There is a particular species of email that arrives in my inbox with the regularity of a bad conscience. Five, maybe seven a week, sliding in between endpoint security alerts and an auditors compliance reminders like they have somewhere to be.
The sender has a name. Sometimes the name has actual gravity, someone you have seen quoted in a trade publication, attached to a firm that appears in real search results. The signature block is clean. The logo renders correctly.
And they are running it out of Gmail.
Not a corporate domain. Gmail. And not just vanilla Gmail either. The most recent one is running a CRM mail suite that pings back a read receipt, logs when you opened it, tracks whether you closed it without clicking anything.

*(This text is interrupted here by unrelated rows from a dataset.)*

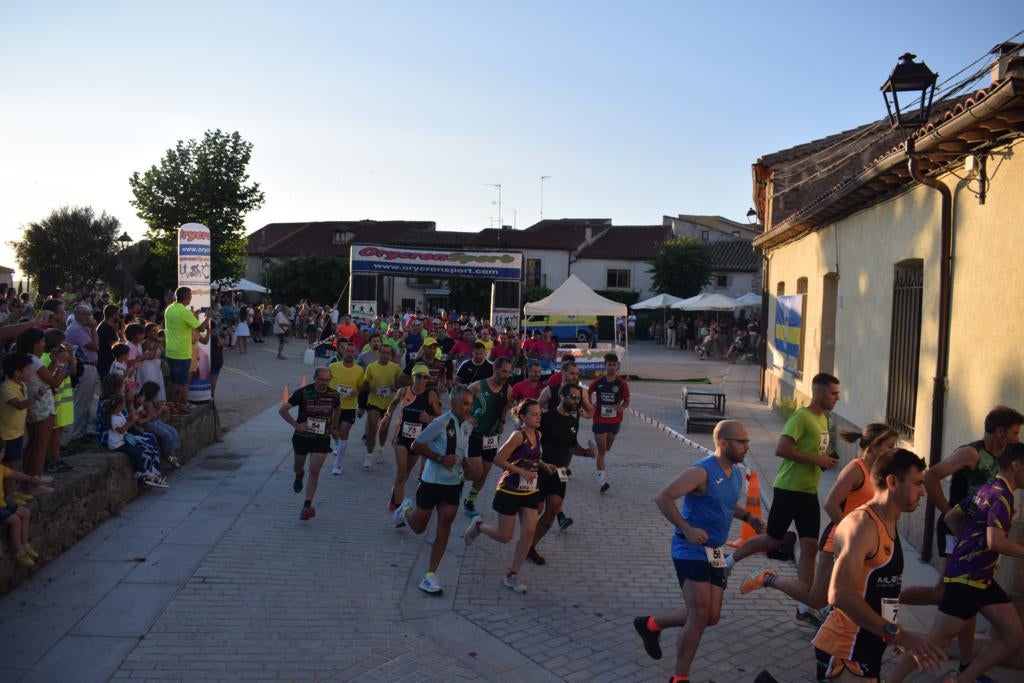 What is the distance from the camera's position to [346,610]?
651 cm

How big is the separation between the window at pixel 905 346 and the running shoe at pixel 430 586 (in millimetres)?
5496

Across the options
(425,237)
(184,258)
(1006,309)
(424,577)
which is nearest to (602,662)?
(424,577)

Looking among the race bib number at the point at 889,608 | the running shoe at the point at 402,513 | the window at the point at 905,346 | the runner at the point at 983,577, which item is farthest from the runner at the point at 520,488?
the window at the point at 905,346

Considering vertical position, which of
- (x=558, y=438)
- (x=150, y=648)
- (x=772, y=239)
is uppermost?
(x=772, y=239)

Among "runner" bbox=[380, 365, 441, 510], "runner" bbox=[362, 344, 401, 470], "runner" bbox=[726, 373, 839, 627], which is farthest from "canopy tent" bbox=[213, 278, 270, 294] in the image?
"runner" bbox=[726, 373, 839, 627]

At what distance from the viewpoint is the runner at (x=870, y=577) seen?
4.00 m

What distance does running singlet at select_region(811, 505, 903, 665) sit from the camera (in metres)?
4.11

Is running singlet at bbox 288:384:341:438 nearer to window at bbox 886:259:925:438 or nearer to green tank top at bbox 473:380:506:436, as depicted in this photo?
green tank top at bbox 473:380:506:436

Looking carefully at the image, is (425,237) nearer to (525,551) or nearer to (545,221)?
(545,221)

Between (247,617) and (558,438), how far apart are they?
335 centimetres

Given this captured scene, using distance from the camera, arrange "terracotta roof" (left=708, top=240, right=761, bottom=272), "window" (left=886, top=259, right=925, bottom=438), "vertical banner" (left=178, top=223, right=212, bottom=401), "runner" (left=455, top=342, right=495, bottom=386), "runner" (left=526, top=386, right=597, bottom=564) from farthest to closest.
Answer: "terracotta roof" (left=708, top=240, right=761, bottom=272)
"vertical banner" (left=178, top=223, right=212, bottom=401)
"runner" (left=455, top=342, right=495, bottom=386)
"window" (left=886, top=259, right=925, bottom=438)
"runner" (left=526, top=386, right=597, bottom=564)

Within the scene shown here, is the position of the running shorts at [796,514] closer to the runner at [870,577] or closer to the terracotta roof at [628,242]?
the runner at [870,577]

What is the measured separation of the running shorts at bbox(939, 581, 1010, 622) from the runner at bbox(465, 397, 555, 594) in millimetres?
3227

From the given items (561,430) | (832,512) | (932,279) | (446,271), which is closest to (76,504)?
(561,430) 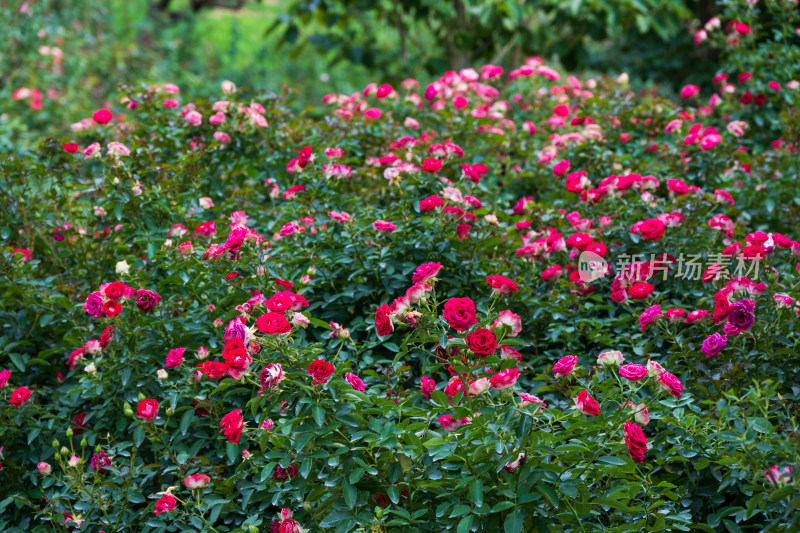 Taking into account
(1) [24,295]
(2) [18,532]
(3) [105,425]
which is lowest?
(2) [18,532]

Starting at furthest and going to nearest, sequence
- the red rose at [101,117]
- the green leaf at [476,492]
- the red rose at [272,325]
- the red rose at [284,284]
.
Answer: the red rose at [101,117]
the red rose at [284,284]
the red rose at [272,325]
the green leaf at [476,492]

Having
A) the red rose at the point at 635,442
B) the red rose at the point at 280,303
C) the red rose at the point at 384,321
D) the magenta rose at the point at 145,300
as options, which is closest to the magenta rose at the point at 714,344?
the red rose at the point at 635,442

Someone is watching the open rates on whatever batch this belongs to, and they want you to believe that someone is them, sitting at a desk, personally moved by your LinkedIn profile.

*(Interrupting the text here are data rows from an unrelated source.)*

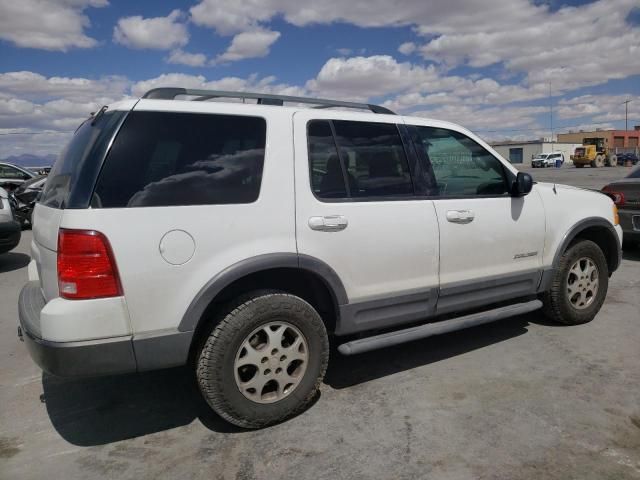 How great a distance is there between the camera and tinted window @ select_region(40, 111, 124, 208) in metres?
2.62

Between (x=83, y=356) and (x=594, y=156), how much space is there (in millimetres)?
52954

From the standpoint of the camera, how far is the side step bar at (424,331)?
3.29 meters

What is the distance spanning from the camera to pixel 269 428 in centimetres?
305

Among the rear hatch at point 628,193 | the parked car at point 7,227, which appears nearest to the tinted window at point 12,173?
the parked car at point 7,227

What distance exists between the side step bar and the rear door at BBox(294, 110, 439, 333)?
91mm

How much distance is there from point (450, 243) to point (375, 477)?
5.57ft

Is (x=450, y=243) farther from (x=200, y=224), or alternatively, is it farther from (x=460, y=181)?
(x=200, y=224)

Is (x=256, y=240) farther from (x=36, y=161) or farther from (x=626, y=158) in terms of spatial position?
(x=36, y=161)

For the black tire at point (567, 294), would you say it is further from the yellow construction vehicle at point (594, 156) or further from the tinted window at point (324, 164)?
the yellow construction vehicle at point (594, 156)

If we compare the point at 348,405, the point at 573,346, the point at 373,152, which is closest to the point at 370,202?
the point at 373,152

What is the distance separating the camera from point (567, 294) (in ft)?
14.9

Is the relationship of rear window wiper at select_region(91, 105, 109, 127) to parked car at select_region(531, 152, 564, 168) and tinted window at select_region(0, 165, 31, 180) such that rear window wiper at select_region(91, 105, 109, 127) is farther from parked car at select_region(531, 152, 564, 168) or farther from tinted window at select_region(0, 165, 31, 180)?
parked car at select_region(531, 152, 564, 168)

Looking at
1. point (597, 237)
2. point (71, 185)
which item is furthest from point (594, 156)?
point (71, 185)

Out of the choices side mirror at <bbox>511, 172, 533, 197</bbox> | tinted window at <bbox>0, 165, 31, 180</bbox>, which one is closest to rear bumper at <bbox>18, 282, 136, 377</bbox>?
side mirror at <bbox>511, 172, 533, 197</bbox> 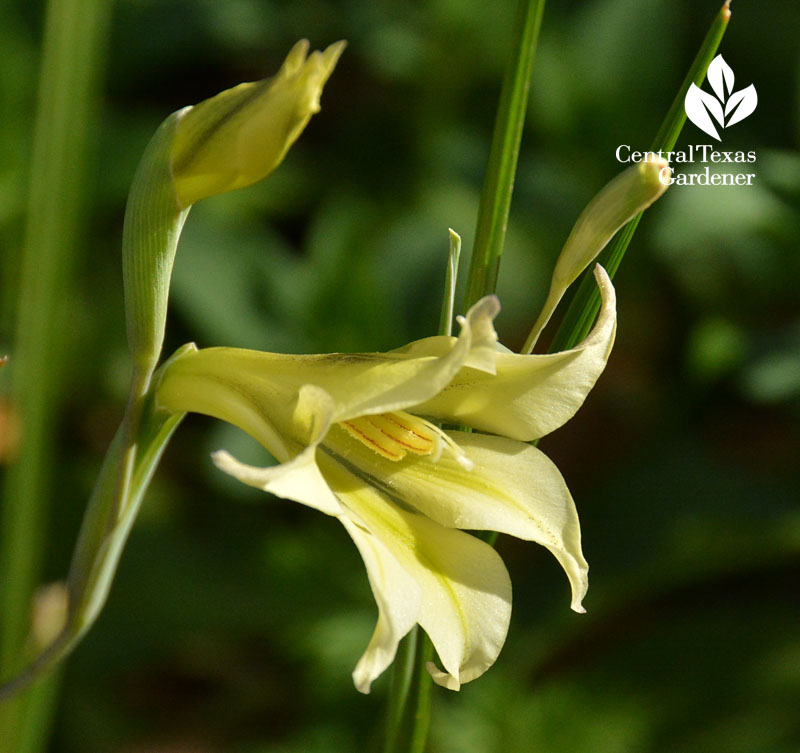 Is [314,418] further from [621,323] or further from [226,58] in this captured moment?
[226,58]

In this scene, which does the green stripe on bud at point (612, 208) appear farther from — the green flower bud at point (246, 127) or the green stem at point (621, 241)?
the green flower bud at point (246, 127)

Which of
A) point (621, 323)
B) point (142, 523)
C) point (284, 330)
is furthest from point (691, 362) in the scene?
point (142, 523)

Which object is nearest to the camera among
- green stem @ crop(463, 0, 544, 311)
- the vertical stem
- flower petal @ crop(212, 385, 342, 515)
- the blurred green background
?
flower petal @ crop(212, 385, 342, 515)

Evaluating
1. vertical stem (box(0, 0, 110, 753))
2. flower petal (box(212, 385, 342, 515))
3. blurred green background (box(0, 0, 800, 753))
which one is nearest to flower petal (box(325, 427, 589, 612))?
flower petal (box(212, 385, 342, 515))

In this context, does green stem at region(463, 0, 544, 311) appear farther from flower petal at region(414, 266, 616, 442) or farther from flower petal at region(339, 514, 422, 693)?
flower petal at region(339, 514, 422, 693)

These emails mention real things. Specific things. The kind of details that require either thirty seconds of actual research or a well-trained scraper reassembling your public record into something that reads like human attention. It is a meaningful distinction and I do not know which one I am looking at.
Top compensation, direct line, confidential search. Not one of these recruiter people has accepted a LinkedIn connection request.
Not one.
Legitimate recruiters live on LinkedIn the way sharks live in water. Accepting a connection from someone you claim to have found through their public profile costs you nothing except confirming you exist in the way you say you exist. The silence where that confirmation should be says everything the email is working hard not to say.
The rum is always gone because somebody kept drinking it and swearing the bottle was full.